September 2, 2010
Former SUNY Cortland lecturer Daniel DePerno pleaded guilty Thursday to three of 33 sex charges involving a minor. See coverage in Friday's Cortland Standard.
Voters to decide 4-year admin term
Nov. ballot will include measure to set county administrator term longer than legislators’
Voters in Cortland County will be asked in November to approve a four-year term for the county administrator, after county legislators passed a new local law by a 15-4 vote Wednesday.
A special Legislative session was held to vote on the local law that sets a four-year term.
Legislators Susan Briggs (R-Cortlandville), Amy Cobb (D-3rd Ward), Don Spaulding (D-6th Ward) and John Troy (D-1st Ward) were absent so their votes counted against the proposal.
The law will appear on the ballot in November. Without a referendum vote to pass the law, the term cannot exceed the two-year term of the Legislature, according to County Attorney Ed Purser.
County Administrator Martin Murphy’s term expires at the end of 2011.
Scott Schrader, the first county administrator, served four-year terms but Purser never signed his contract last year because he did not think it was legal to encumber the Legislature.
Purser said after the meeting if the voters approve the term change, the Legislature can then legally set the term longer than those of legislators, something that officials have found desirable because it offers more job stability than a two-year term.
“The laws indicate you can’t extend beyond the term of the Legislature unless there is a local law authorizing it subject to a referendum,” Purser said.
Purser said the Cortland County Board of Elections will be given a copy of the resolution and then the necessary work will be done to put it on the ballot for the Nov. 2 general election. If it passes, it will be submitted to the State Department of State and become part of local law, he said.
Legislator Tony Pace (D-7th Ward) said voters should know that approving the term change does not bind the Legislature to an administrator that it is not pleased with. The Legislature has the authority to fire an administrator at any point in his or her term, he said.

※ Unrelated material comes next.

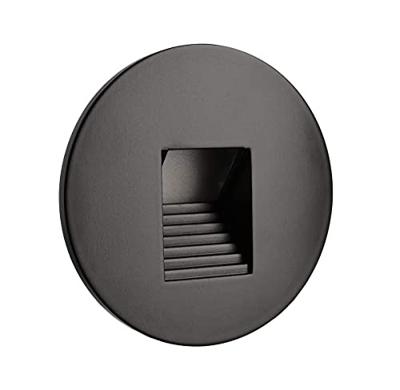 Deko Light Abdeckung rund schwarz Stufe für Alwaid 930499 Afdekking Zwart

“A four-year contract allows a certain amount of stability,” Pace said, adding a longer term prevents the problems of high turnover, such as frequently having to bring a new administrator up to speed.
Pace also thinks a four-year term will draw higher quality candidates.
“It projects a stronger image, more job security with the position,” Pace said.
Pace said if voters do not approve the change, the county will “stay with what we have and do the best we can.”
Cortland County created the position of county administrator in 2002.
In 2003, the law was amended to allow the administrator to be appointed by the Legislature for a term not to exceed four years, but the measure did not pass by referendum so when Murphy was hired earlier this year his term was set to run concurrently with the sitting Legislature.
Legislator Danny Ross (R-Cortlandville) said he does not know if voters will pass the measure. He cited a failed 2002 vote that would have given legislators a four-year term.
But Ross said he is glad the law is going to be voted on by the public.
“It is good to put it out to the voters to vote on instead of just the 19 legislators,” Ross said.